§ **INPUT DATA**
====
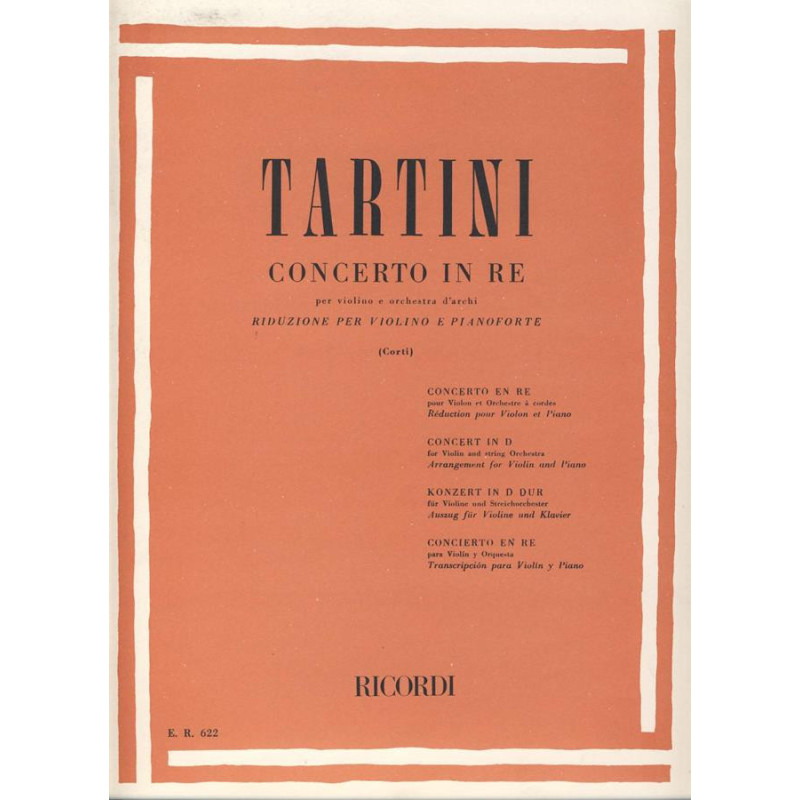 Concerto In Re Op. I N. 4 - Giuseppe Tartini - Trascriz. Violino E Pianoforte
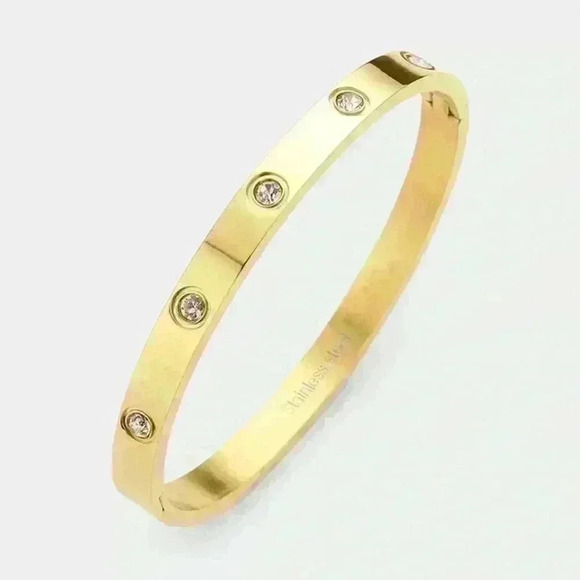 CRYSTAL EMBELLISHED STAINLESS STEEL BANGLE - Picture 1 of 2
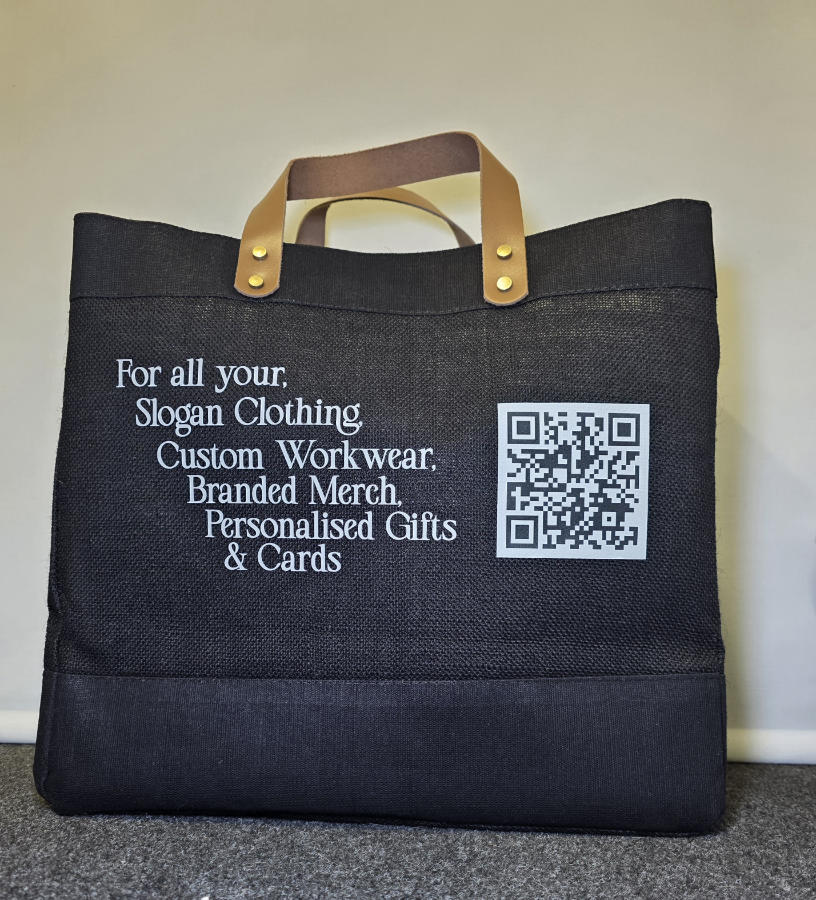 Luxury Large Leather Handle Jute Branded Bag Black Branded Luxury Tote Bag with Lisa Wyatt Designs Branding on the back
====
§ **EXERCISE BRIEF**
Retype the full listing exactly; pictures stay out.

§ **RESPONSE**
 Concerto In Re Op. I N. 4 - Giuseppe Tartini - Trascriz. Violino E Pianoforte
 CRYSTAL EMBELLISHED STAINLESS STEEL BANGLE - Picture 1 of 2
 Luxury Large Leather Handle Jute Branded Bag Black Branded Luxury Tote Bag with Lisa Wyatt Designs Branding on the back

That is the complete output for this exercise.